Bimetallic Sulfur‐Doped Nickel–Cobalt Selenides as Efficient Bifunctional Electrocatalysts for the Complete Decomposition of Water

The creation and enhancement of non‐precious metal bifunctional catalysts with superior stability and stabilizing activity is necessary to achieve water splitting in alkaline media. The paper presents a method for preparing nickel–cobalt bimetallic selenides (NiCo‐Sex/CF) using a combination of hydrothermal and high‐temperature selenization techniques. NiCo‐Sex/CF shows great potential as a catalyst for water separation. The catalyst's electronic structure and active centre can be modified by double doping with sulfur and selenium, resulting in increased selectivity and activity under varying reaction conditions. This method also offers the benefits of a simple preparation process and applicability to a wide range of catalytic reactions.
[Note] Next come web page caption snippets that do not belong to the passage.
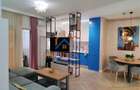 3 camere l Sabina Residence l Parcare inclusa l Centrala - 1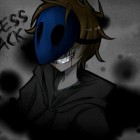 EyelessJackcreepypasta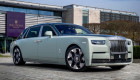 Rolls-Royce: Xa xỉ không đo bằng số lượng, mà ở trải nghiệm độc bản
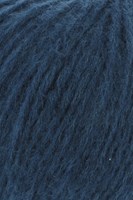 Lang Yarns Promise 0033 Stahl-3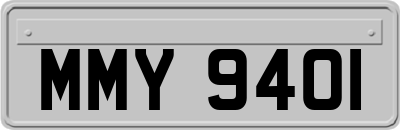 MMY9401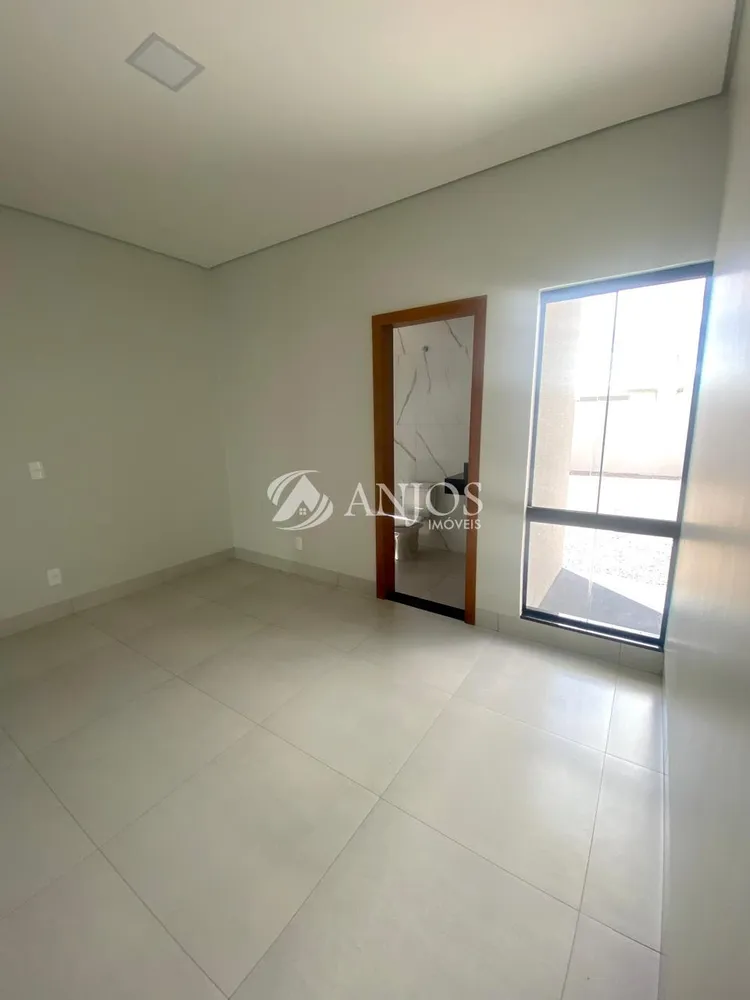 Casa, 2 quartos, 60 m² - Foto 13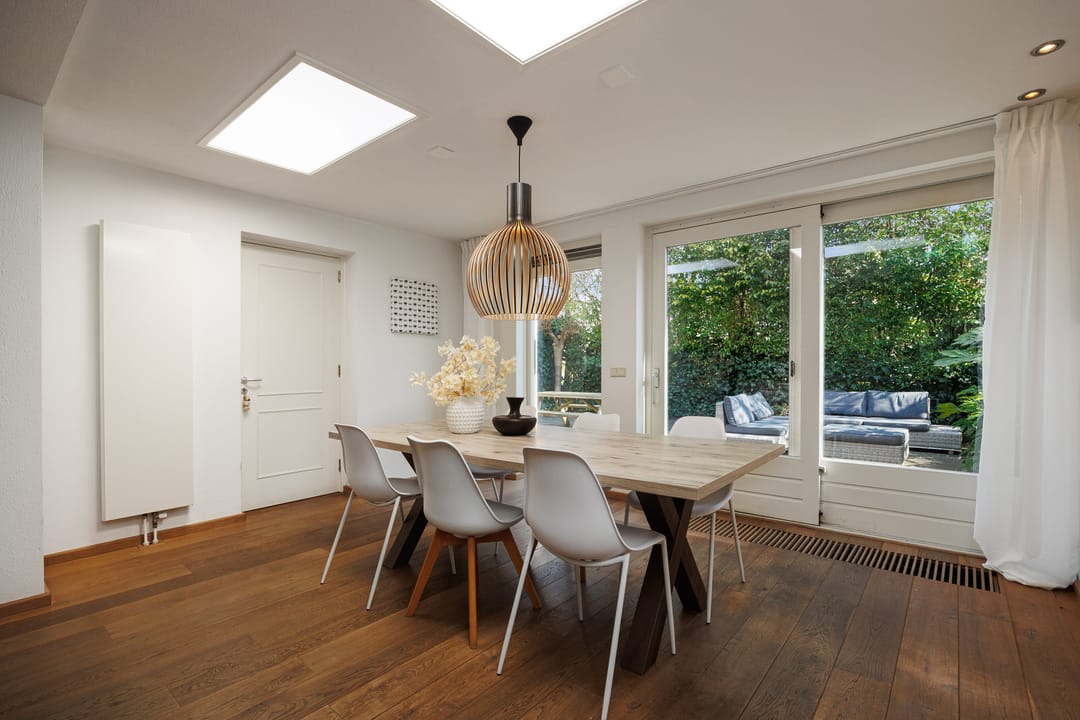 Foto 16 van Graanakker 23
Experimental results demonstrate that an overpotential of 194 mV produces a current density of 10 mA cm−2 when using this electrocatalyst as an OER catalyst. When used as a HER catalyst, the electrocatalyst required an overpotential of only 76 mV to generate a current density of 10 mA cm−2.Furthermore, a voltage of 1.5 V can drive the overall decomposition of water to achieve a current density of 10 mA cm−2. This study highlights the potential of sulfur‐selenide double‐doped catalysts for both scientific research and practical applications. Selenium‐sulfur doped catalysts are generated by hydrothermal and high temperature selenization methods. It shows great OER and HER activities in 1 m KOH, with overpotentials of 194 and 76 mV at 10 mA cm−2. Co‐doping and metal synergies make it more stable and expose more active sites. It delivers 10 mA cm−2 at a cell voltage of 1.5 V, indicating practical application potential.